In a more uplifting tone, he vowed that:
“My art will never change. It is deep in my bones. But [my incarceration] has made many things clearer. I have been working in the direction of freedom of expression. I think that is most important for my art.”
It’s great to hear that Ai is getting job offers overseas but part of the terms of his release stipulate that he is not allowed to leave the country without permission, which begs the question: will the Chinese government let him go? Can the Chinese government let him go?
It seems a long shot, especially when the court is pursuing the tax fraud charges against him. Authorities are demanding around $1.8 million from Ai, who, according to Xinhua, has “[confessed] his crimes” and has “repeatedly said he is willing to pay the taxes he evaded.” Would the Chinese government really let a prominent dissident who is also under investigation out of its jurisdiction? Perhaps Ai can argue that since he owes nearly $2 million, a comfy professorship might help with the bills.
Let’s crunch the numbers. According to a 2005 study by a lobby of German professors, the average annual salary of a top-level German professor with performance-related bonuses (because, really, who is going to rate Ai Weiwei poorly?) is €71,500, or a little over $100,000 a year. So if the Berlin University of the Arts were kind enough to comp Ai’s room and board, food and travel expenses, and give him a monthly stipend; and if Ai, for his part, diligently set his salary aside in a savings account, he should be able to pay the Chinese government back in under two decades, a decade and a half with some good investment advice.

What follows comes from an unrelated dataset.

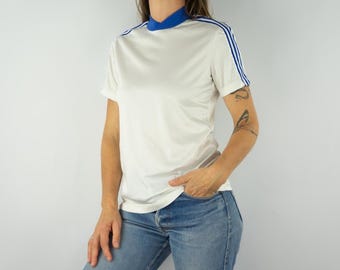 Camiseta vintage Adidas años 70 / Blanca y azul con 3 rayas en el hombro / Estilo retro deportivo / Francia / Talla S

In the end, I wish the best for Ai but I don’t think he’ll be able to set foot in Berlin unless he goes the way of dissident writer Liao Yiwu, who essentially smuggled himself into Germany by going through Vietnam and Poland. That said, I think it was brilliant for him to accept the professorship—it puts the ball in the government’s court, and the government isn’t a great ball-handler.
What captivates me about Ai is that he lives his life like a kind of performance art. His life is a demonstration of what happens when someone tries to push a little too hard against the Chinese government. He is never obscene or extremist—he merely tries to go a step beyond what is possible and by doing so shows us the invisible fence around Chinese society. All this makes for good art, but it’s not such a great career move.